18 Very truly, I tell you, when you were younger, you used to fasten your own belt and to go wherever you wished. But when you grow old, you will stretch out your hands, and someone else will fasten a belt around you and take you where you do not wish to go.”
Again, so soon after celebrating the birth of Christ we are taken to the end of the Gospels – this time, John. Nouwen challenges us to see a surrender to the unknown as a sign of spiritual maturity, rather than weakness.
We are asked to pray that we will be able to willingly subject our way to God’s will. To follow Jesus. Perhaps, even to take up our cross?
All this didn’t leave me feeling very Christmassy. Christmas is a time of joy and celebration – the darker turn to the tale can wait a few weeks, can’t it? Yet ultimately the end of the tale figures right in the Christmas experience at church. Without the end of the story, there would be no midnight mass. There could be a service, but it wouldn’t be mass.

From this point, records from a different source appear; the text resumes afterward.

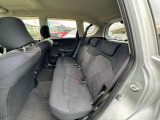 下取りも大歓迎です。県外への納車も対応しておりますのでお気軽にお問い合わせください。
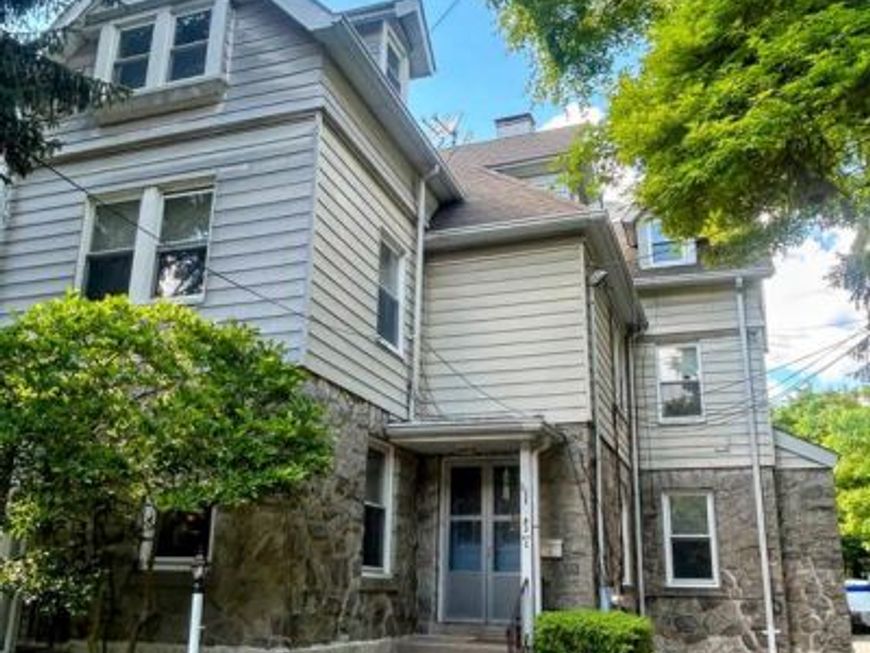 83 W Baltimore Avenue , Unit 3RD FLOOR, Lansdowne, PA 19050 Main Photo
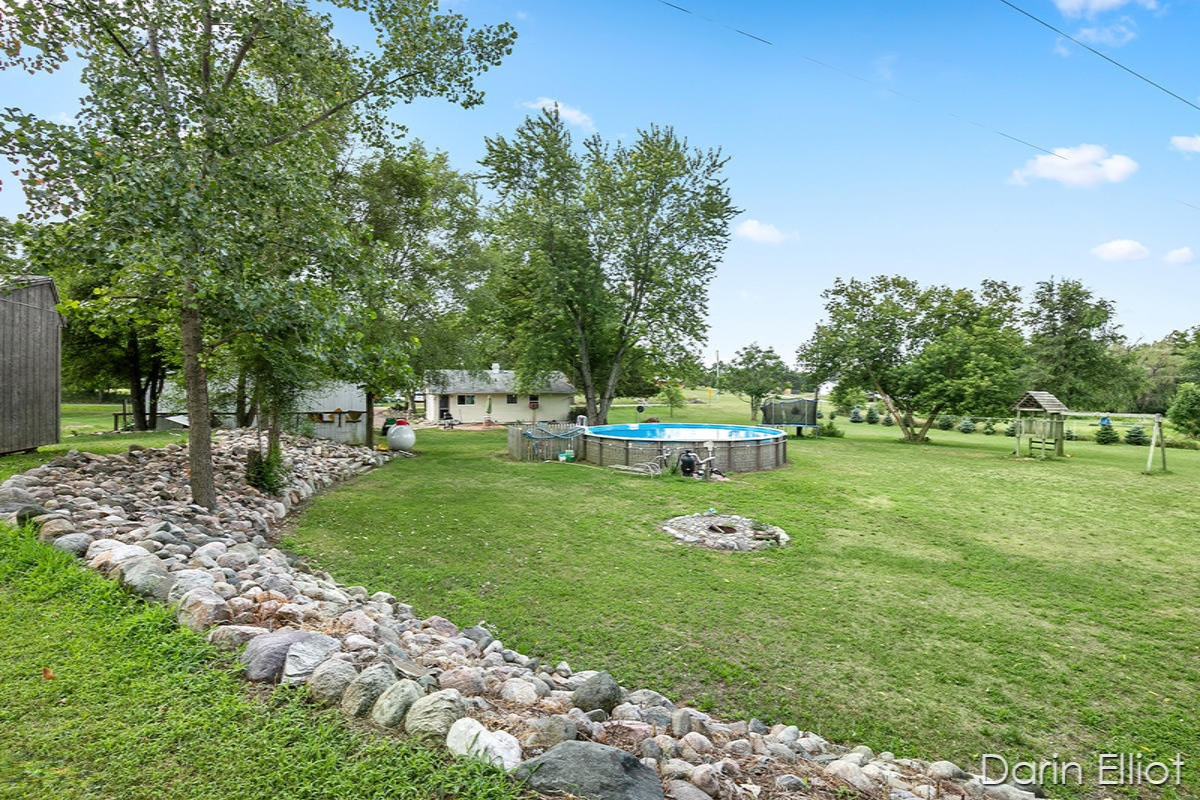 2307 Kellogg Road Ionia, MI 48846 - Photo 27 of 35 IMG_1026
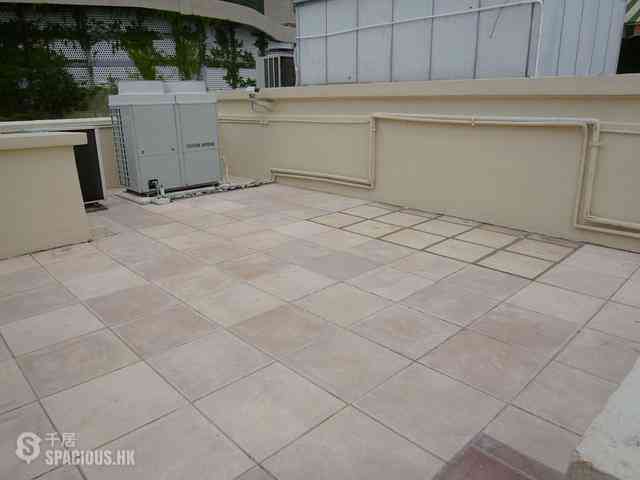 Stanley - Rosecliff 29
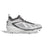 adidas Men's Adizero Impact 3.0 TPU Baseball Cleats-1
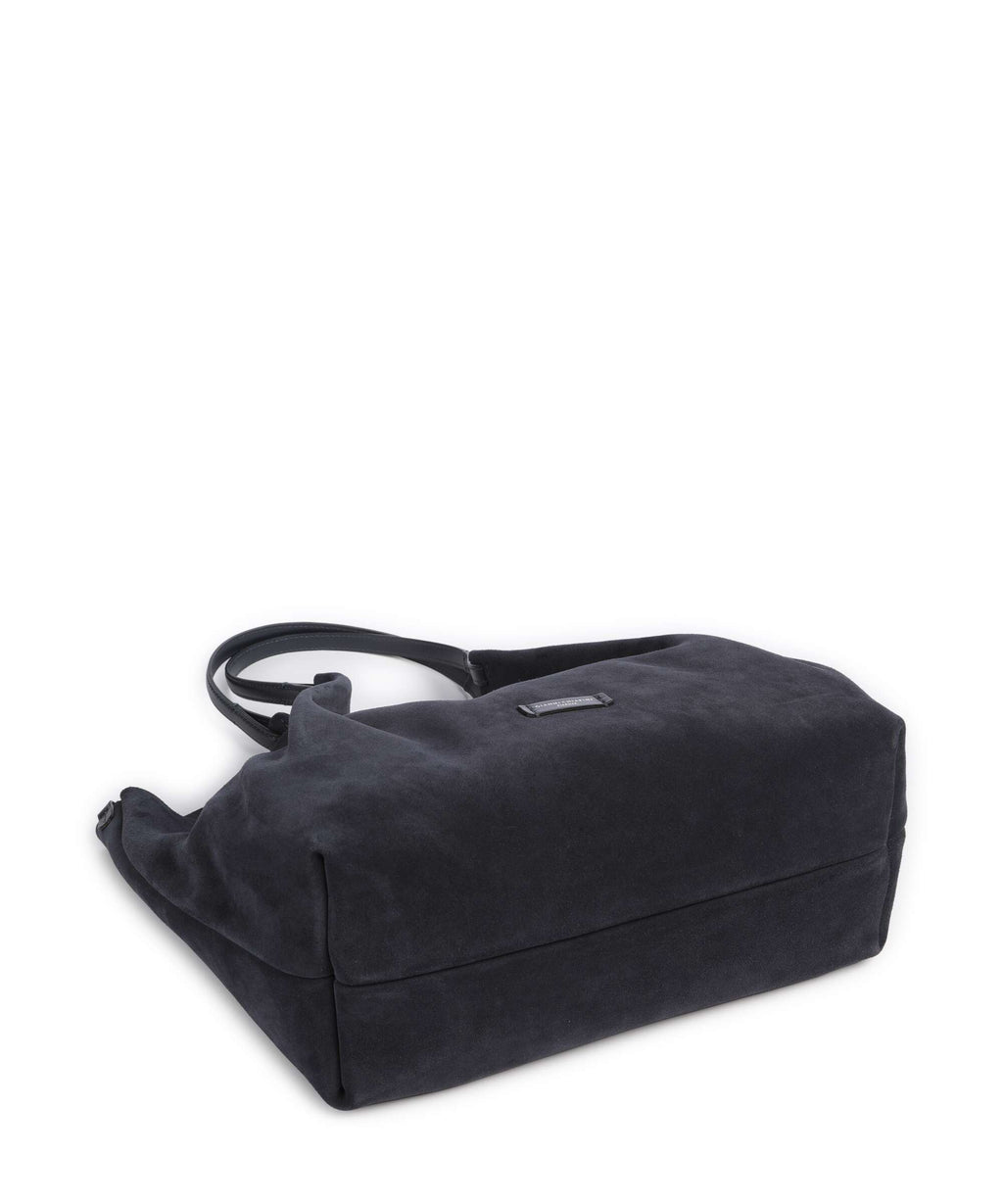Gianni Chiarini Dua L Tote bag notturno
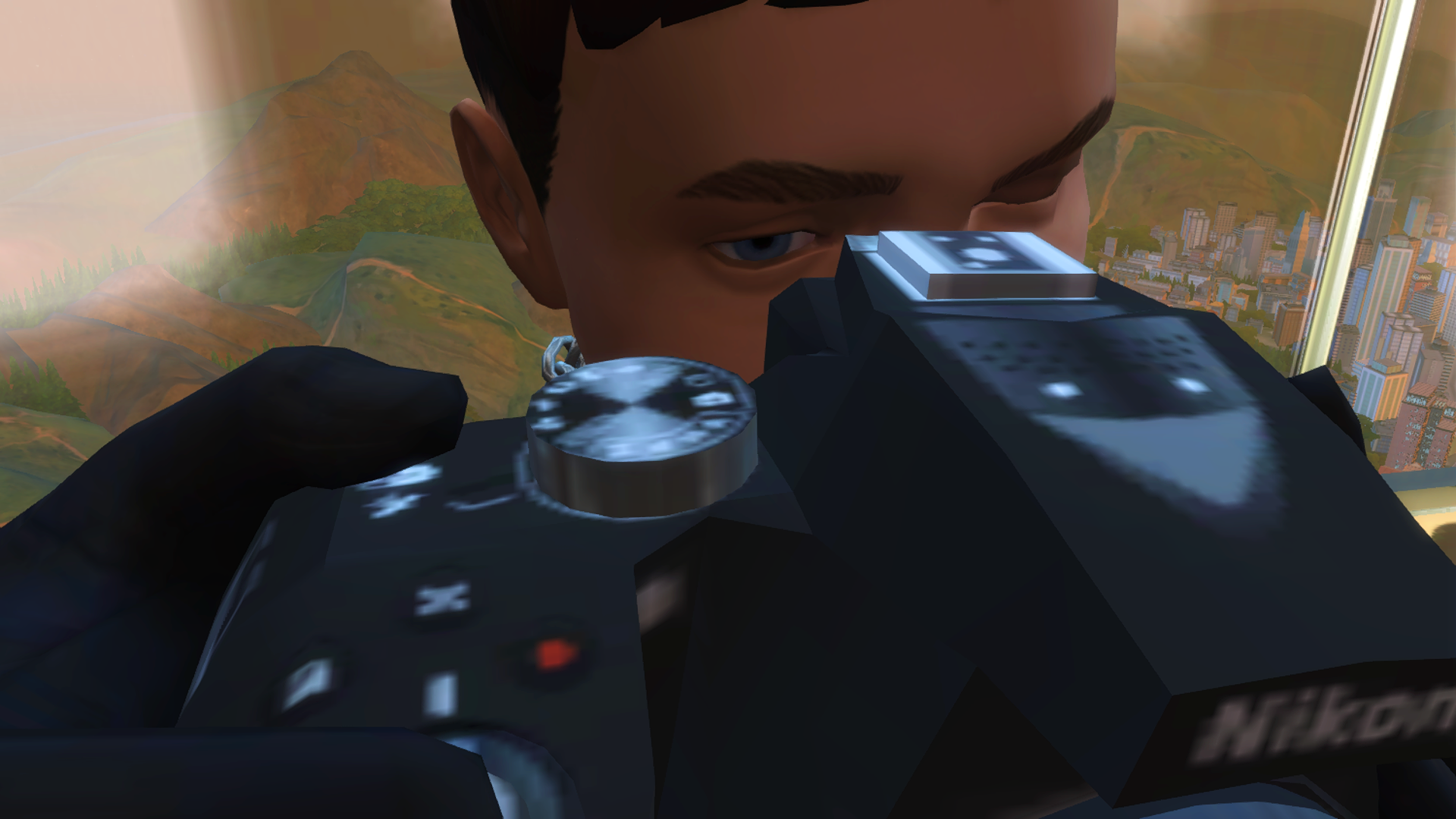 TS4_x64%2005%2002%2001-43-14%20%2042.png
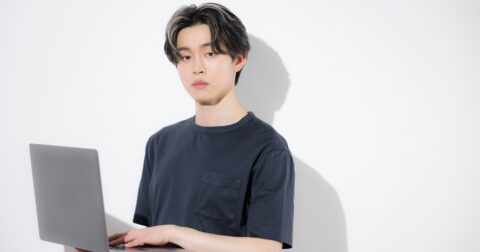 そりゃ仕事なくなるわ…AIに仕事を奪われる人の共通点とは？ – 人生の経営戦略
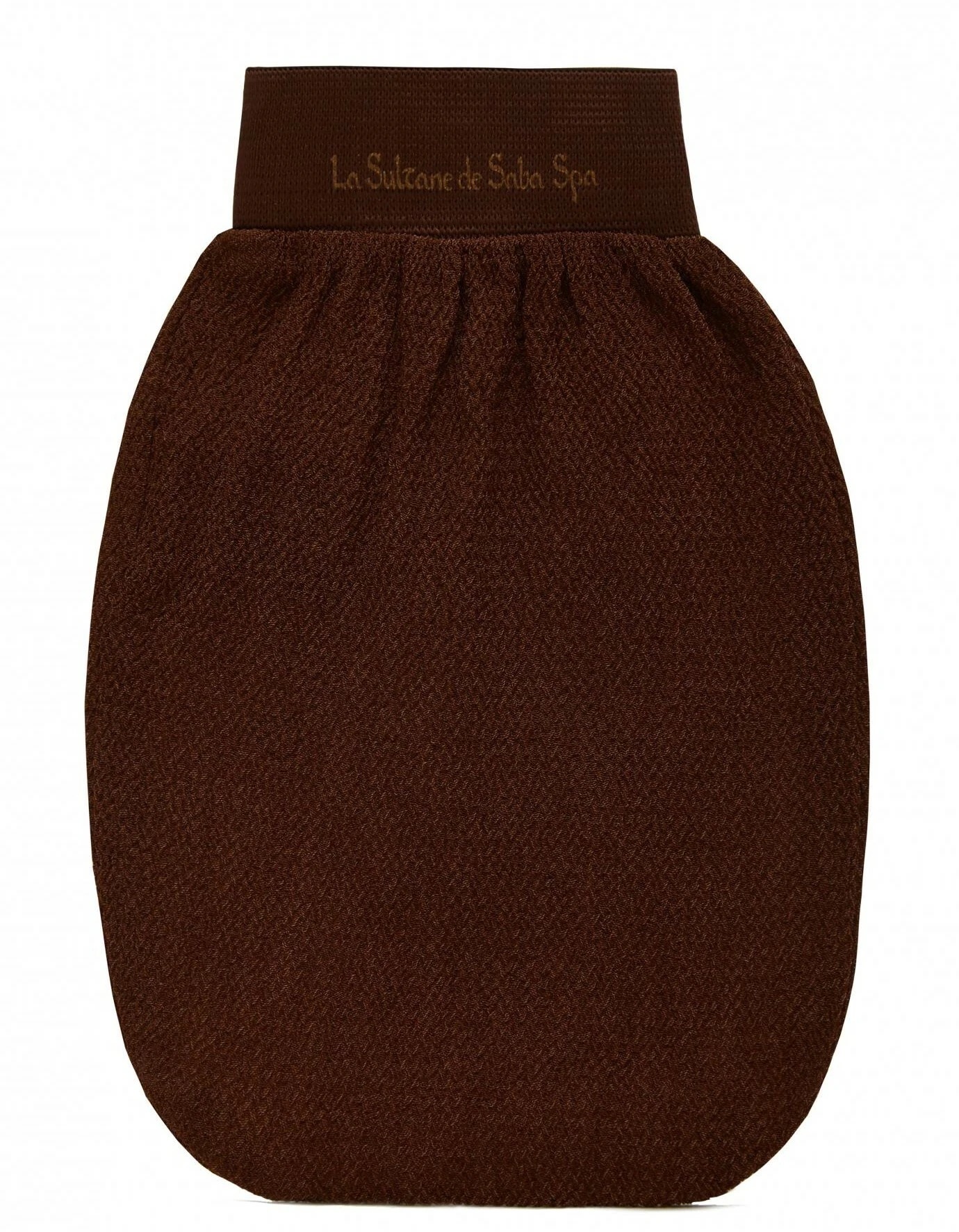 La Sultane de Saba Kessa Glove, 1 szt-Рукавичка Кесса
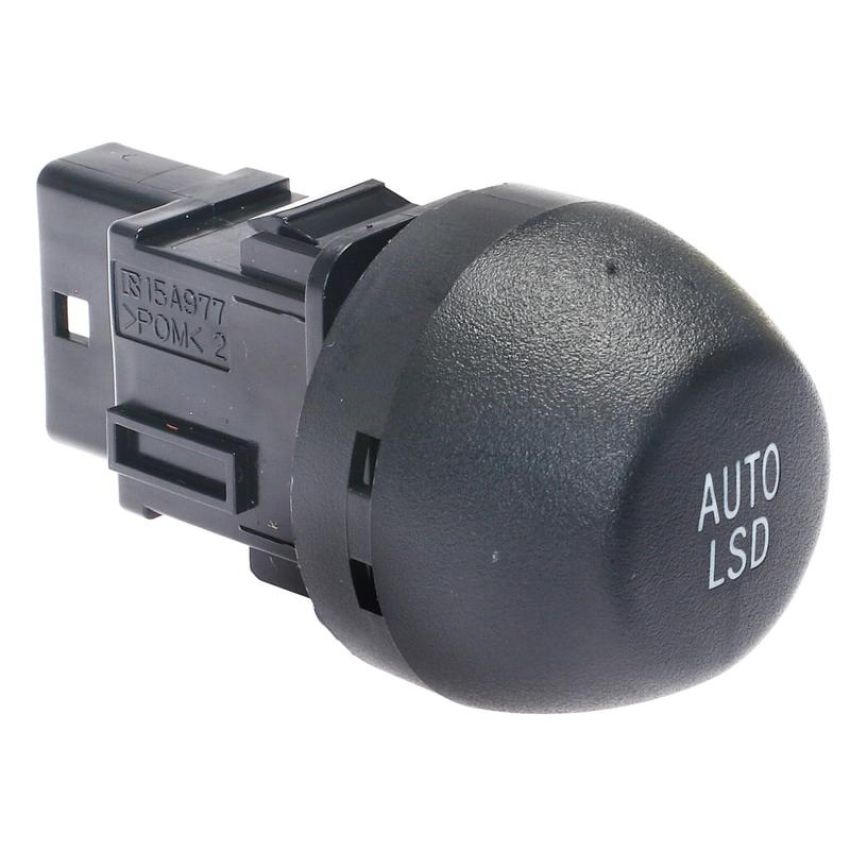 Standard Ignition DS-3153 Traction Control Switch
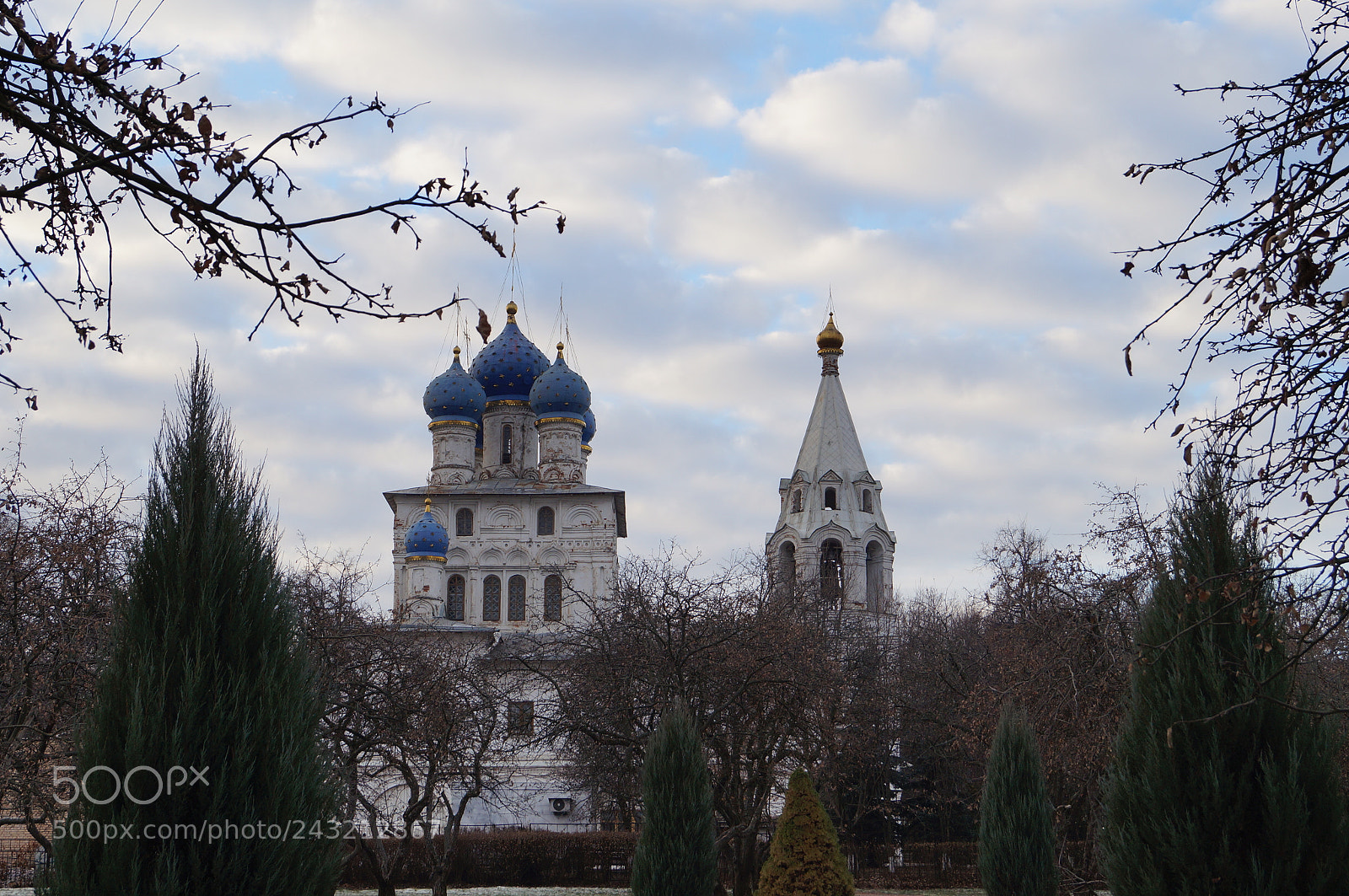 Sony SLT-A57 sample photo. Untitled photography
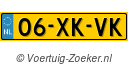 06XKVK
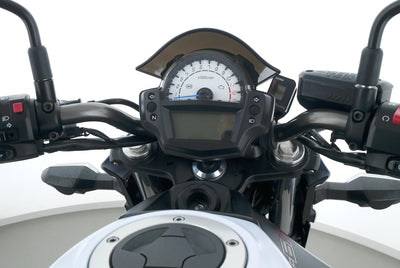 KAWASAKI ER 6 N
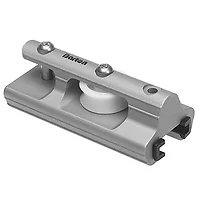 Barton Marine-32 221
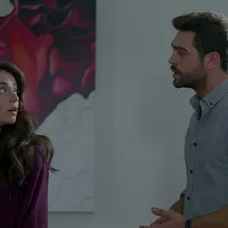 Meryem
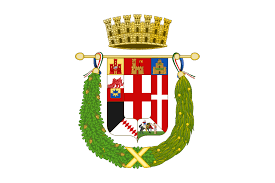 Provincia di Padova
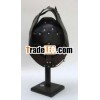 Leather Armor Helmet/antique helmet/ancient helmets/war helmet/reproduction helmets/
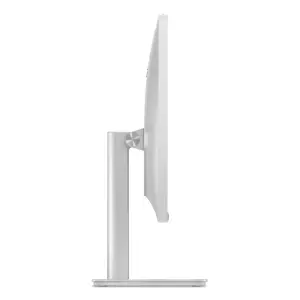 Моноблок Lenovo A100 Cloud Grey (F0JN002MUO) UA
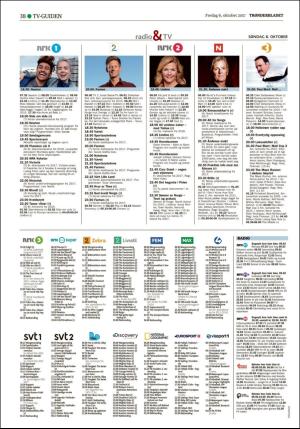 tronderbladet-20171006_000_00_00_038.pdf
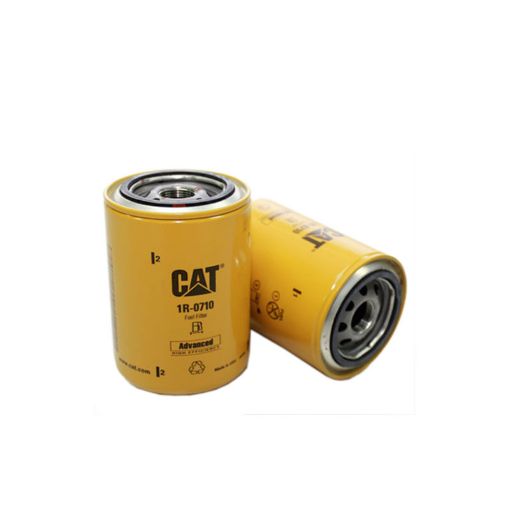 Immagine di 1R0710A FILTRO NAFTA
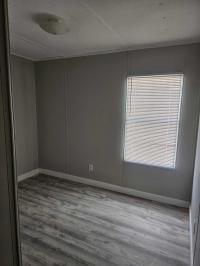 1995 Manufactured Home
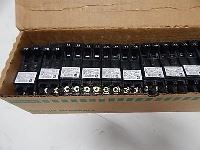 Image 3 of Siemens 600590B Circuit Breakers	1125768	C0411
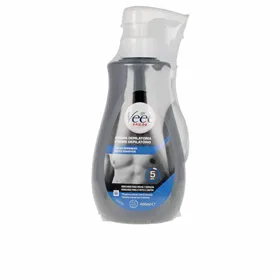 Veet Men Gel Crema Depilatoria Piel Sensible 400ml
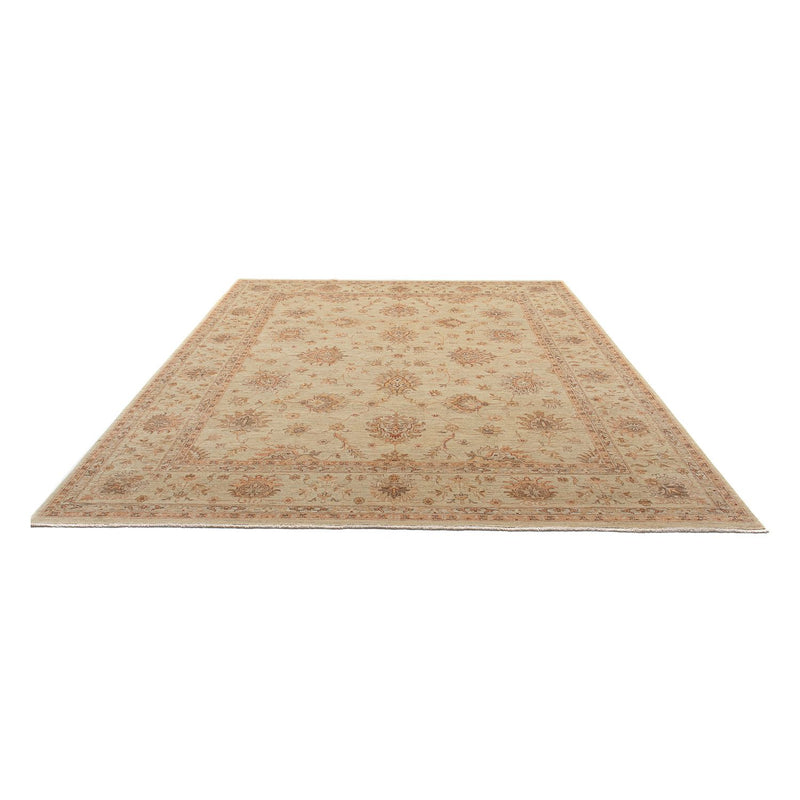 Farahan Teppe 244x293cm - Orientalsk teppe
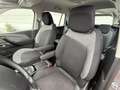 Citroen Grand C4 SpaceTourer FEEL Grau - thumbnail 3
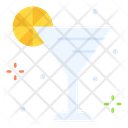 پیش‌نمایش فایل cocktail-3402009 از پک سال نو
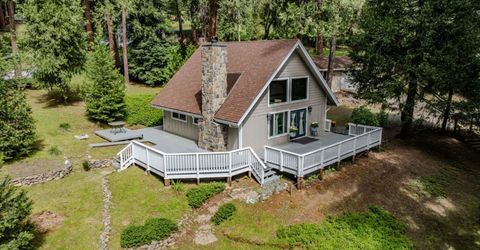 16425 Carolyn Way, Pioneer, CA 95666 Photo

So, other than turning more towards the end of Jesus’ life, how can we see anything of the early stories of Jesus in today’s thought? Perhaps it is this: without Easter there would be no Christmas; without Christmas there would be no Easter. Even at the start of the Gospels we hear the tale of John the Baptist echoing the prophecies of old. As John might have said if it were today: Hey folks, this is it. It’s not some great King with a crown and a huge army. It is that most unlikely of things – a baby, lying in a manger. God, loving us as we love a baby – unconditional, forgiving love. That love being so great that he is willing to give us his firstborn to serve us all. May we be willing to give ourselves to God, even if we meet him the most unlikely places.